A world to design for
Long trends
This attempts to ground the high level goals expressed in Max entropy. As the starting point for Now City, it is helpful to set the stage by establishing a vision for community development. The context is that I’m writing in 2025 and looking ahead some number of decades.
Strongly held views on urban trends
- Home as increasingly important, requiring more area per person, and being more central in life.
- Continued automation in the home and in cities (see Robodistricts).
- Competition between cities to attract investment and talent.
- Focus on healthy places and wellness imbued in cities.

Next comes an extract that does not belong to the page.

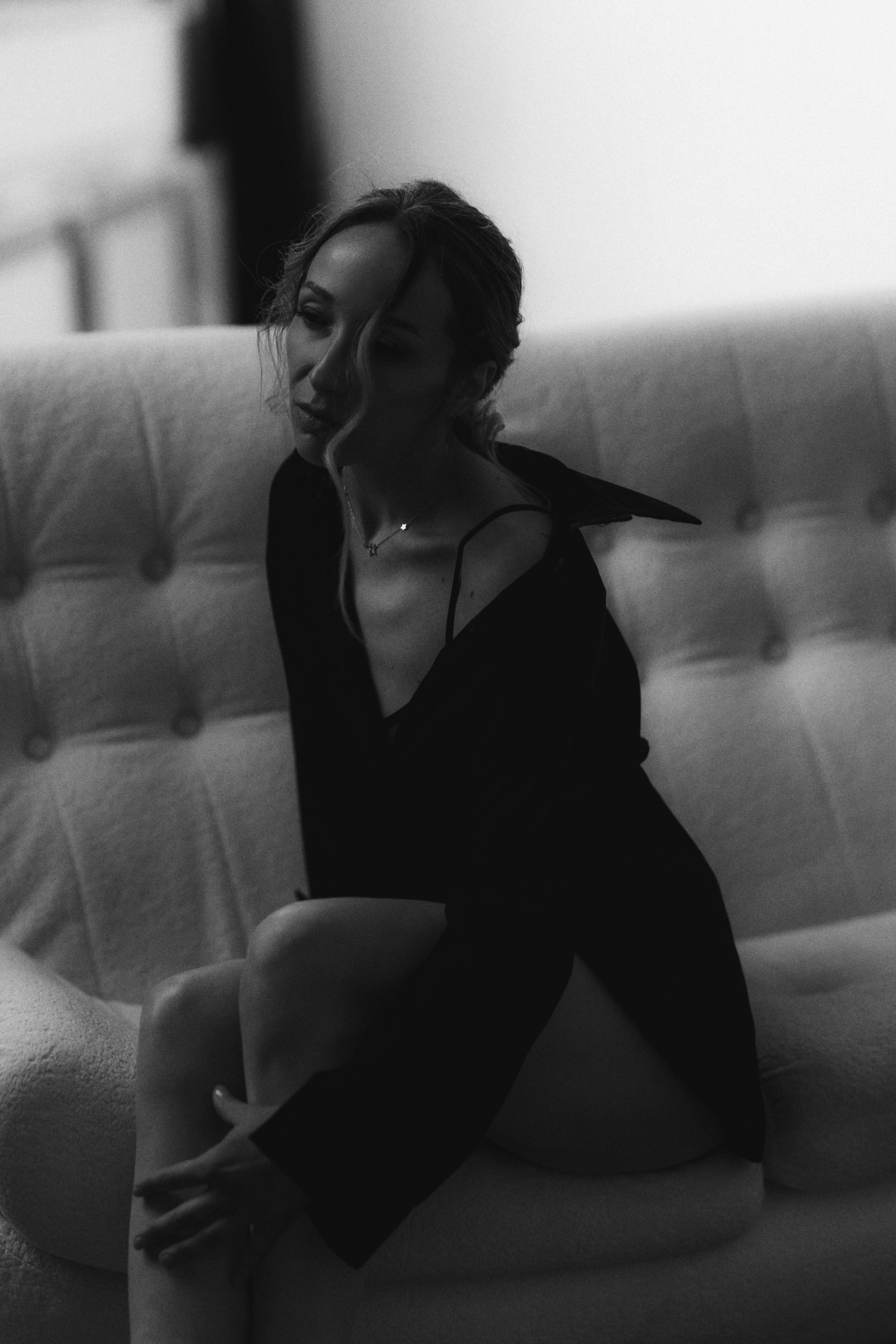 Индивидуальная съёмка. Фотограф в Ярославле Юлия Калыгина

Slightly less strongly held trends
- Low-carbon investment driven by self-sufficiency, efficiency, and resilience rather than the goal of low-carbon itself. The cost of subsidizing green solutions to achieve low-carbon trajectories is increasingly out of reach. However, the stone age didn’t end because we ran out of stones, and so the fossil fuel age hopefully doesn’t end because we run out of fossil fuel, but because we find more attractive alternative technologies that perform better.
- Technology-native population but not necessarily more democratic or connected due to a simultaneously monopolized and fragmented landscape (see Smart urbanism)
Status quo likely to remain
- Construction with wood and masonry.
- Communities organized around proximity and shared interests, with different scales of intimacy aren’t going anywhere.
- Physical schools for children 2-18 will remain.
- Some amount of shopping for daily needs and specialty goods, and increasingly repair, is needed.
- People will also continue to want to frequent eating and drinking establishments and some other forms of group entertainment.
- Personal vehicles (cars) will remain as an organizing force, especially in less sparsely populated areas.
- Capitalism because central planning for something as fluid as the economy is usually a mistake.
Unknowns
When pricing in the amount of effort to spend on a long term project like city making, it is important to consider the probability of some potentially large scale risks, and what that would do to the project.
- Artificial super intelligence (ASI) has the potential to be disruptive, but it could also entrench us in the status quo.
- Fusion energy could unlock unlimited free energy, which would release some of the constraints factored into the vision.
- Runaway climate change and biosphere collapse. At this point, global warming and SLR are locked in. Boston, for instance, will certainly have Virginia’s climate before long, but an extreme runaway scenario would look a lot worse.
2025-2040: Housing shortage due to underbuilding and demographic changes
This wave of population and demographic change has the United States back millions of housing units, so for most places the result of a housing needs assessment is a resounding “yes”. But, there is a time horizon on this growth, and for many places this phase of expansion may be one of the last rounds development that is seen, resulting in a more or less stable built environment (see, Europe, Japan). This period could also cannibalize a lot of the “posts” from the last 100 years, including industrial land, malls, big box stores, and offices as those functions continue to evolve.
2040-2100: Population plateau, but start of climate migration
After the population has plateaued, subsequent growth will come from migration, much of which may be driven by the inevitable climate change (see Max SLR). Temperate places with fresh water will be poised to receive in-migration, as well as places that were previously nigh uninhabitable (northern Canada, Siberia) as they become suitable for agriculture – and the extreme heat around the equator and sea level rise displaces an estimated 1 billion people per degree of global warming (see Organized migration).